By Charlize Althea Garcia, May 9, 2023
Since 2009, the Fashion Society at Cal Poly Pomona has served as a community for students interested in style and the fashion industry. The club concluded the semester April 29 with its annual fashion show featuring student-designed collections.
The theme, “Visions,” played on the beauty of diverse perception that everyone has a different perspective and contributes to individuality in a community. Art and music were subgenres of the theme many designers drew inspiration from in hopes of showcasing their visions.
Fashion Society President and fashion show Director Charlotte Mae Saracho had her own vision in the making of the production. Saracho wanted to enforce a creative freedom within each designer with an ambiguity in the theme and an absence in artistic choices as a director.
Starting off the show was apparel merchandising and management student Kadin Dadd’s collection.
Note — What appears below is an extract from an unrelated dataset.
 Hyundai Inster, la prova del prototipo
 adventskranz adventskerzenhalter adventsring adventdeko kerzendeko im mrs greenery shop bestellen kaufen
Dadd’s collection drew from Greek mythology’s gods and goddesses with each piece in the color white with gold touches. The first piece was a direct interpretation of mythology as it was a literal design of a Greek tunic. Each following piece strayed farther away from the overarching theme. The third piece was the length of a mini dress and was comprised of triangle shaped cloth and ending the collection was a crinoline dress paired with a bustier.
The next collection was a complete reversal in aesthetic; light turns dark. Isabella Andrade’s collection displayed three pieces that shared a darkness in each design. The three pieces were done in all black with gray elements, styled in a relaxed everyday look. Andrade’s designs followed an emo punk take that encompassed a prevalent aesthetic in this current generation.
Apparel merchandising and management student Isaiah Wallis’ collection ended the first half of the show with the largest set of the evening. Wallis had an easement in his designs, displaying light colors complimented with touches of black in a few of his pieces. His designs played with contrasting patterns from bold solid colors juxtaposed with flowered designs in a few of his pieces.
Wallis’ designs, one of which was fully produced using zero waste, used discarded fabric scraps from other students. Wallis described finding a push in creative thinking when dealing with limitations.
“I try to work more with what is considered waste instead because that’s the way fashion needs to go,” said Wallis. “We can’t already keep up with the consumption.”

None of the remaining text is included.